What is needed:
Using the data that follows, output only the lines from the line with "Benedicto XVI se" up to and including the line with "2020S 652T AvenirS", exactly, leaving pictures aside.

Dataset records:

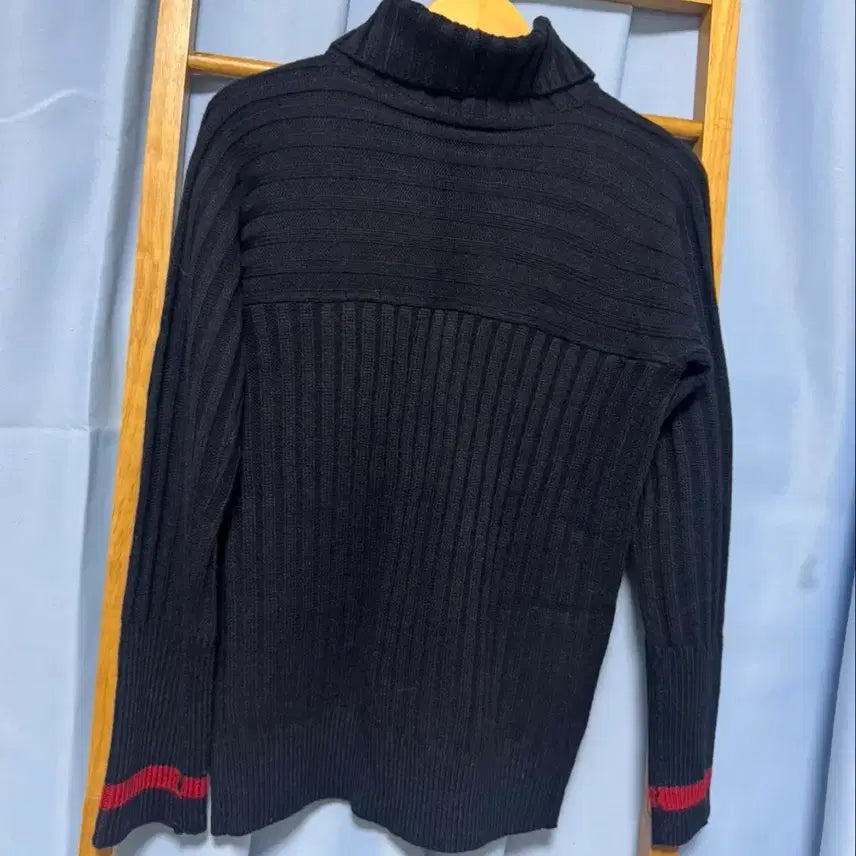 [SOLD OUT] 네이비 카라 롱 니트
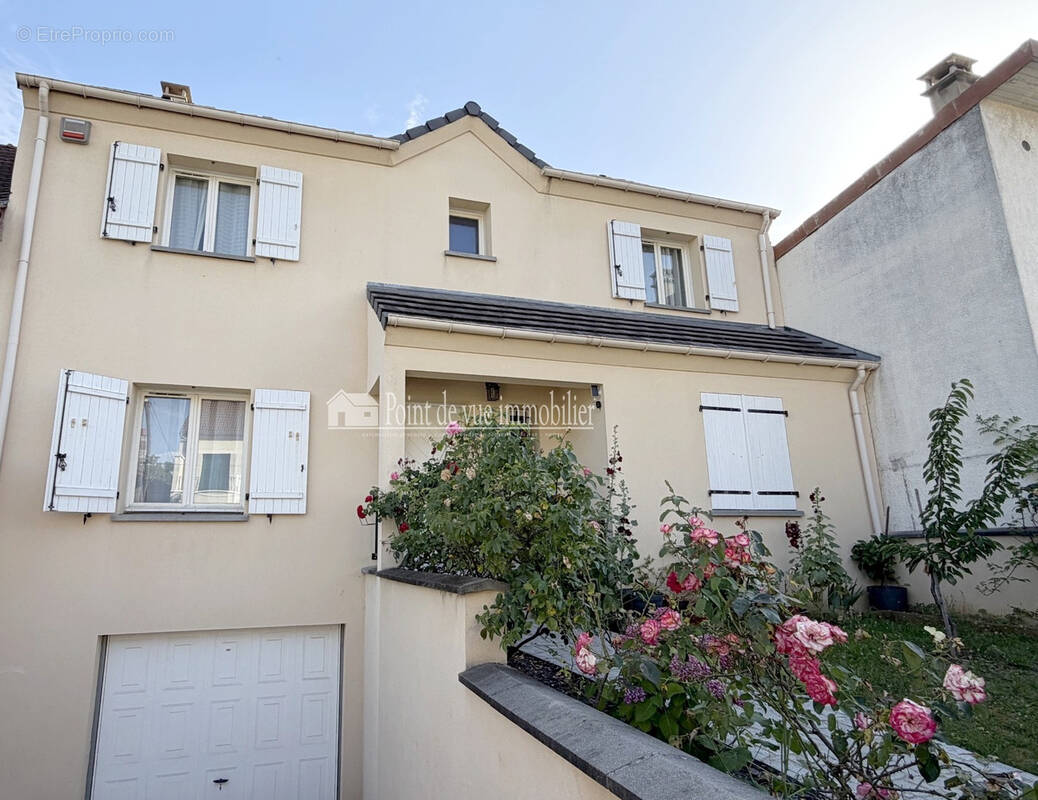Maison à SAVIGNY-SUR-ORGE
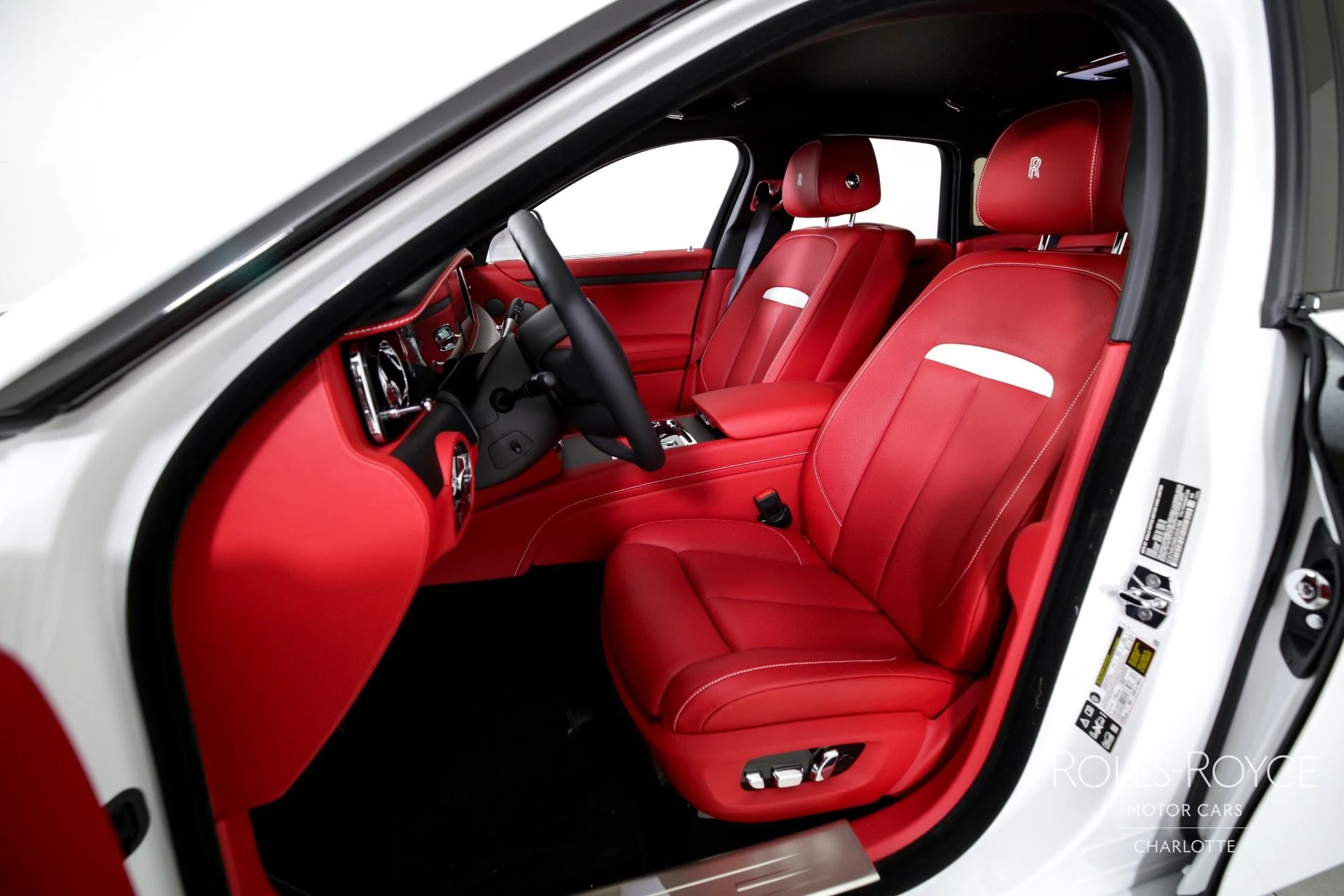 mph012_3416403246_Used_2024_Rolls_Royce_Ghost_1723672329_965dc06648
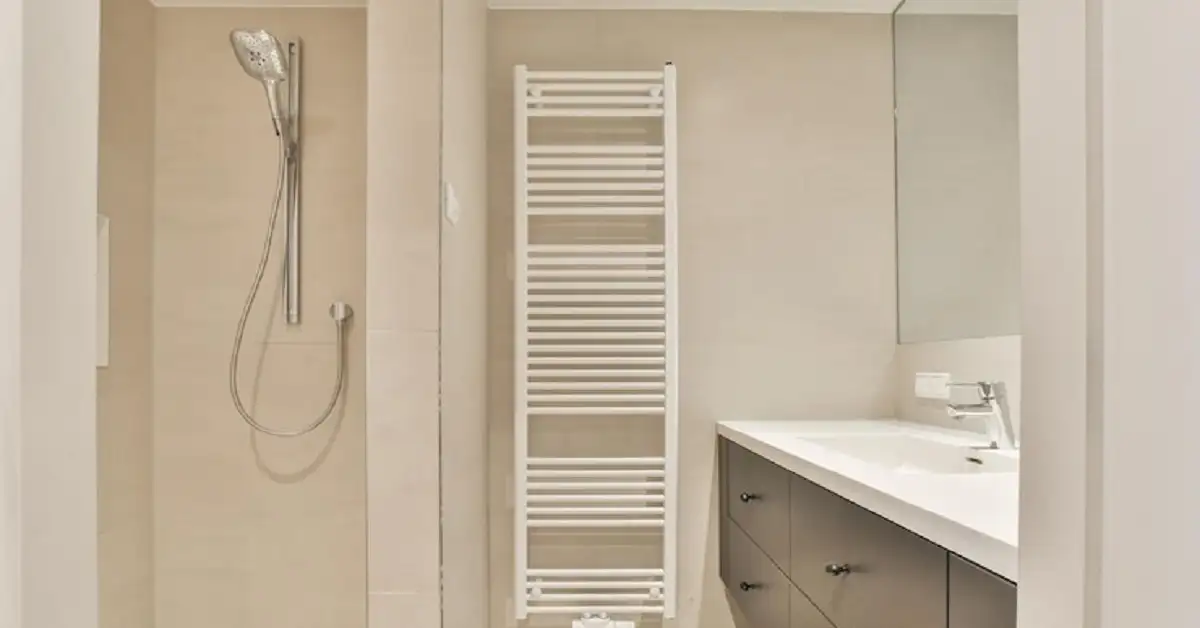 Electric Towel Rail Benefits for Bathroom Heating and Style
--
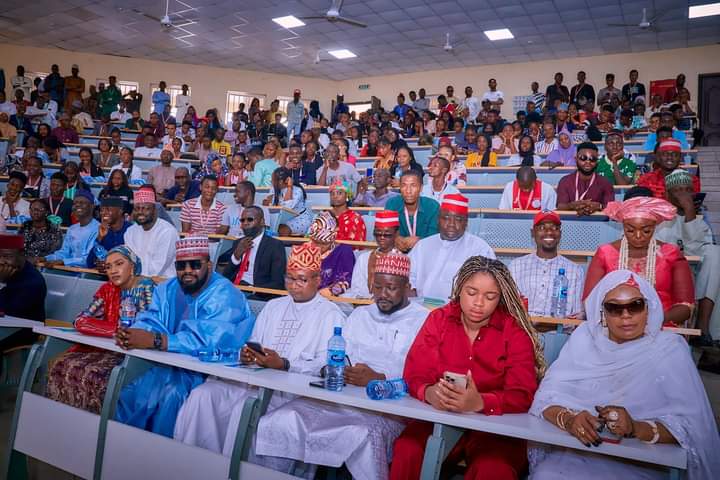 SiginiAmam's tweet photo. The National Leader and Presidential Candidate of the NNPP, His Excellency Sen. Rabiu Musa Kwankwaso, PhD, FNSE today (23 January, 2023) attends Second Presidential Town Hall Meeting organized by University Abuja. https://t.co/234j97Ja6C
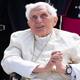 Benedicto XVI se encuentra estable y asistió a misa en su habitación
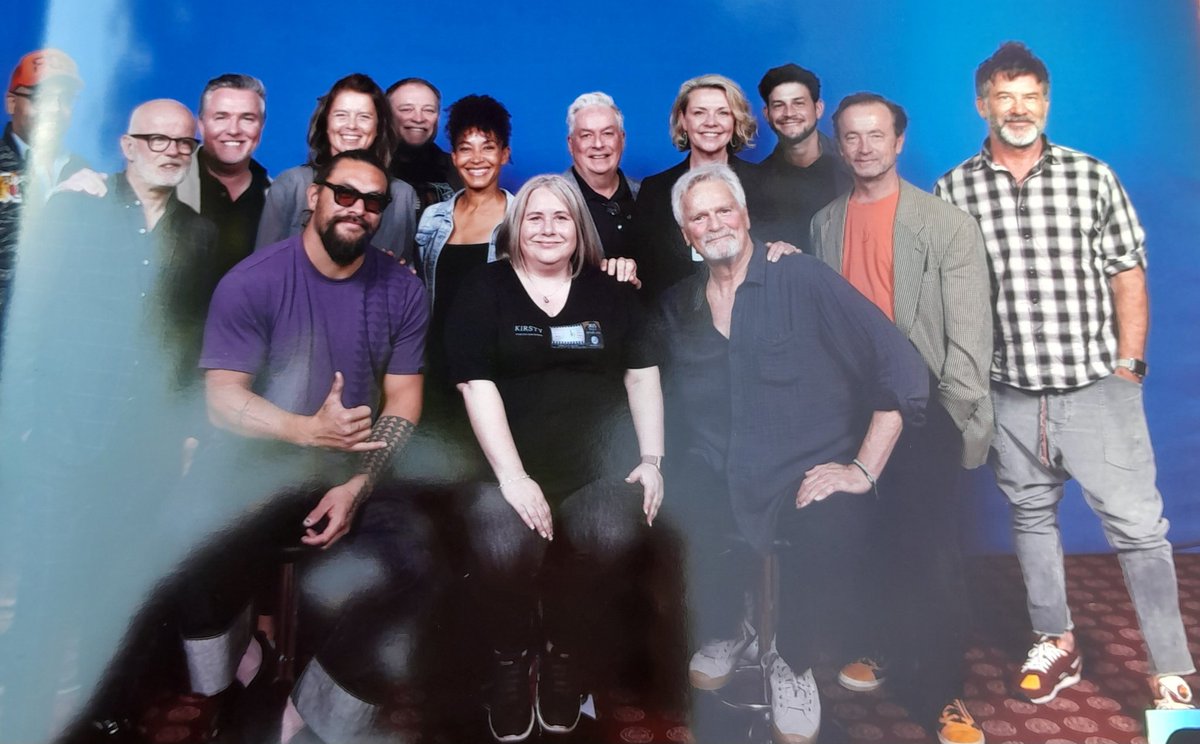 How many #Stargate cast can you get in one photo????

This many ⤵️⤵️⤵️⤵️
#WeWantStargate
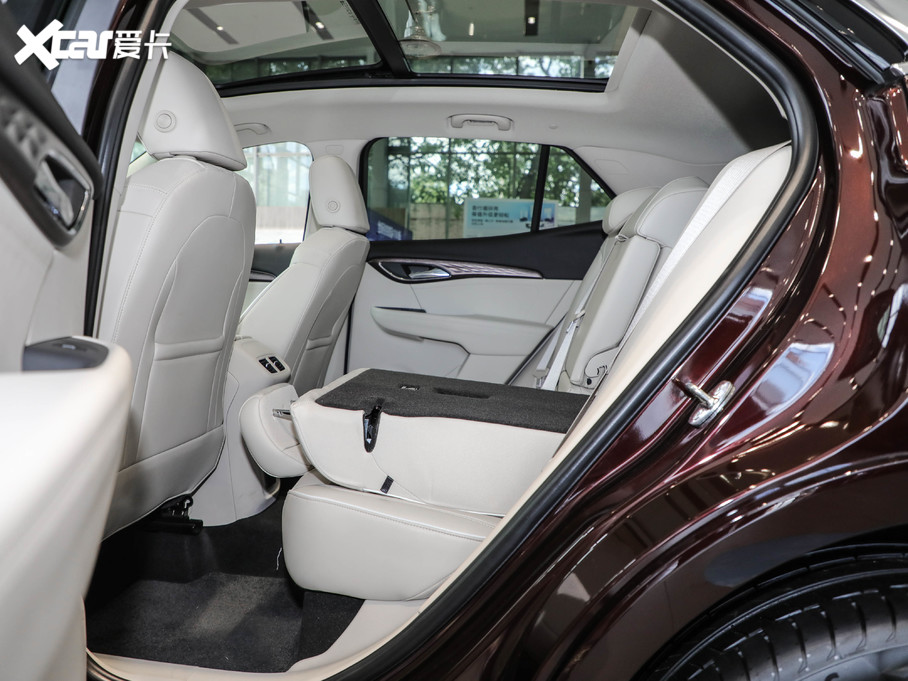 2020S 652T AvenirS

Reply to the exercise:
 Benedicto XVI se encuentra estable y asistió a misa en su habitación
 How many #Stargate cast can you get in one photo????

This many ⤵️⤵️⤵️⤵️
#WeWantStargate
 2020S 652T AvenirS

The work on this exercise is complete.